What this task involves
Nothing but the lines from the one containing "Strandspaziergang Eine Person" to the end of the records that follow should be transcribed, each exactly, with the pictures left out.

(Captioned web images)
* * * * *
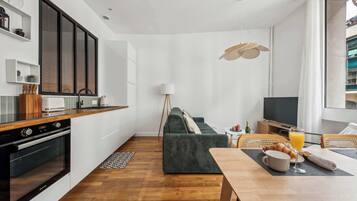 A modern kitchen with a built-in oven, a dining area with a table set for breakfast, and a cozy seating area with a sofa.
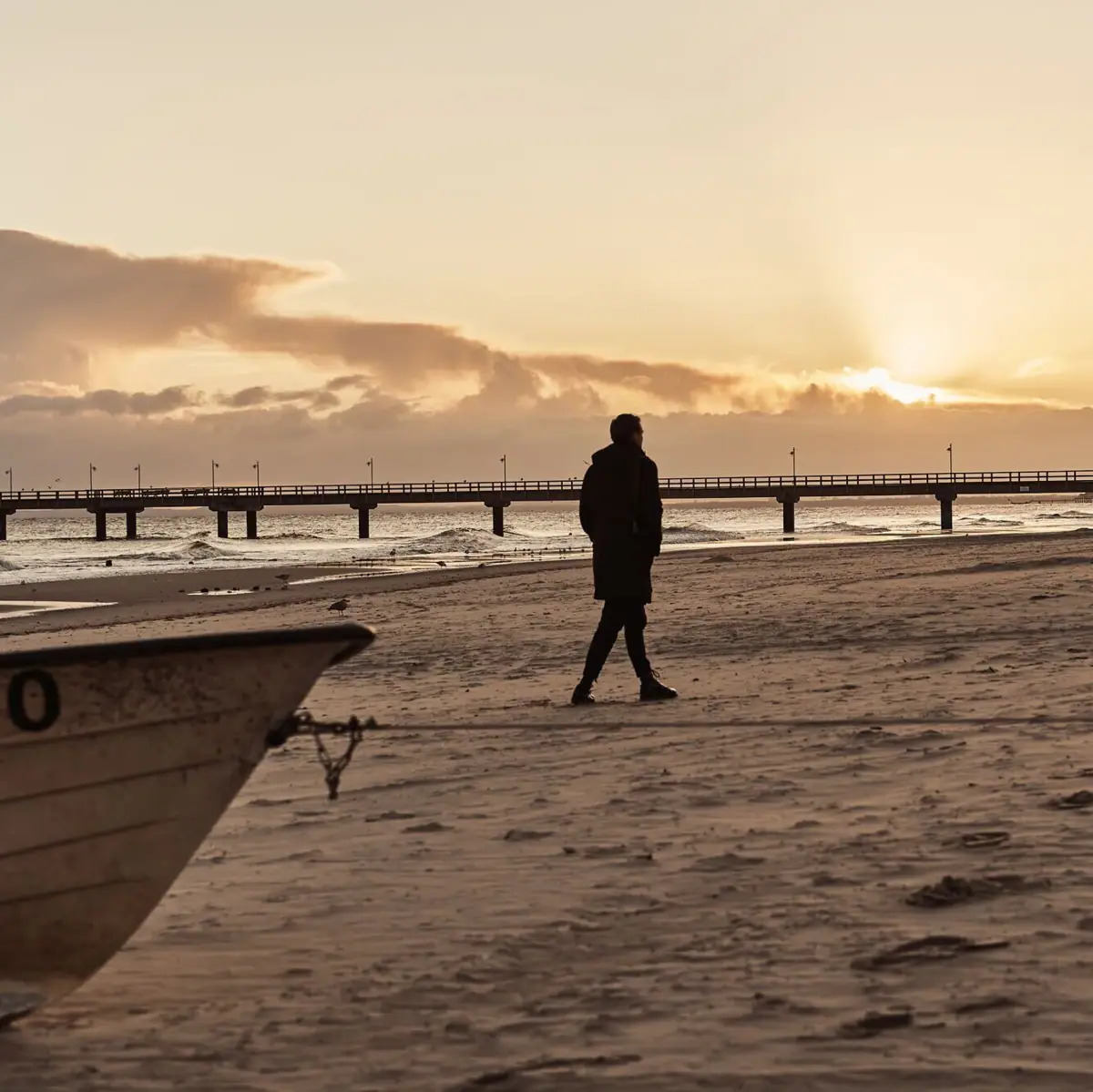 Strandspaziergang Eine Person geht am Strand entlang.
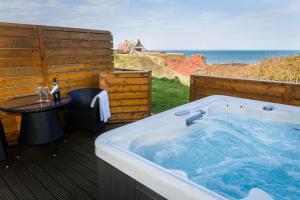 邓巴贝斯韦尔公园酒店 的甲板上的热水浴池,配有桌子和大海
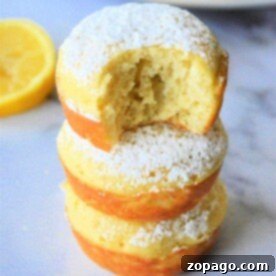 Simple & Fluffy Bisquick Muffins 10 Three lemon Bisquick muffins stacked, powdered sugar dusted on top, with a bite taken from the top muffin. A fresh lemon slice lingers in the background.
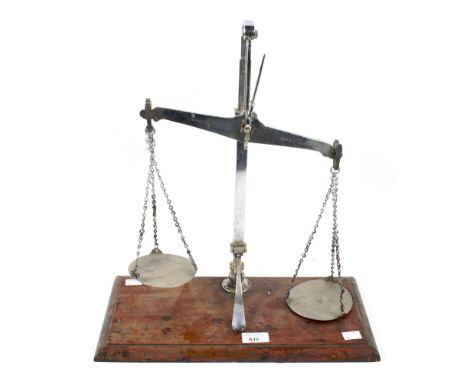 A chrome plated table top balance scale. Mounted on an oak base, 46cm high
* * * * *
Task answer
 Strandspaziergang Eine Person geht am Strand entlang.
 邓巴贝斯韦尔公园酒店 的甲板上的热水浴池,配有桌子和大海
 Simple & Fluffy Bisquick Muffins 10 Three lemon Bisquick muffins stacked, powdered sugar dusted on top, with a bite taken from the top muffin. A fresh lemon slice lingers in the background.
 A chrome plated table top balance scale. Mounted on an oak base, 46cm high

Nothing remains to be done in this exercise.